President Obama in the twilight of his presidency must reflect on how little he achieved in his wish to have a greater engagement with his neighbour with its penurious citizens, dilapidated infrastructure and vintage cars of the Saturday Evening Post era in America. Two years ago, he announced the restoration of diplomatic relations and last March became the first U.S. president to visit Cuba in 88 years. It is not only Congress which has thwarted his intentions, but also until now voters in the crucial swing state of Florida, where many Cuban exiles and their families have a say.

But the public tide is turning. Opinion polls show that a majority of Americans want an end to the embargo. The Council on Foreign Relations says that even most Cuban-Americans now support this. Earlier this year, Hillary Clinton told a campaign audience in Miami what would have been unthinkable for any political candidate not long ago – that the embargo was obsolete. ‘I understand the scepticism in this community about any policy of engagement towards Cuba’ she said. ‘I’ve been sceptical, too. But we cannot wait any longer for a failed policy to bear fruit. We have to seize this moment’. According to the New Yorker, Donald Trump tried to seize his moment 20 years ago when he sent consultants to Havana ‘to sniff out’ business opportunities. This was in violation of the embargo which could have landed him in jail. Trump claimed they went there for charitable purposes.

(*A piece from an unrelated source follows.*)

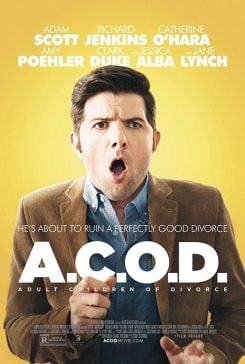 دانلود فیلم A.C.O.D 2013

Despite the overwhelming public sentiment, Congress is unlikely to be swayed until Cuba holds free elections and ends its crackdown on dissidents. In the meantime, changes are taking place thanks to Obama exercising executive authority. U.S. cruise liners are now visiting Cuba and commercial flights from America have resumed after more than 50 years. One airline official was so carried away by the first flight that he likened it to one of ‘the great moments in history’. Last month, the U.S. for the first time in 25 years did not oppose the customary U.N. General Assembly resolution condemning the embargo. It abstained.

Now comes the scrapping of the $100 limit on what Americans can bring back from Cuba. This means they can now fill their suitcases with cigars and rum if they wish. But that’s if they can actually visit there. At present, Americans are still banned from going to Cuba unless they represent relatively harmless interests like education, cultural or sport. Last year, there were 3.5 million visitors to Cuba, the majority from Europe. Only 161,000 were Americans, albeit a 77% increase on the previous year, reported Agence France Presse. If the embargo is ever lifted, it will be a case of los Yanquis están viniendo – two million or more crossing the Florida Strait in search of cheap holidays, those cigars and all that rum.

It is curious that Washington has enforced such a harsh attitude towards a tiny neighbour for so long when it has had no compunction in getting along with various tyrants and dictatorial regimes elsewhere in the neighbourhood during this period. Haiti, Nicaragua. El Salvador, Honduras, Panama and Guatemala come to mind. These were anything but hospitable regimes. Opposing them would not have been recommended for anyone’s health or life expectancy.

FOOTNOTE. According to the Council on Foreign Relations, the Cuban government estimates that the trade embargo has amounted to a total loss of $1.126 trillion. 

John Tulloh had a 40-year career in foreign news.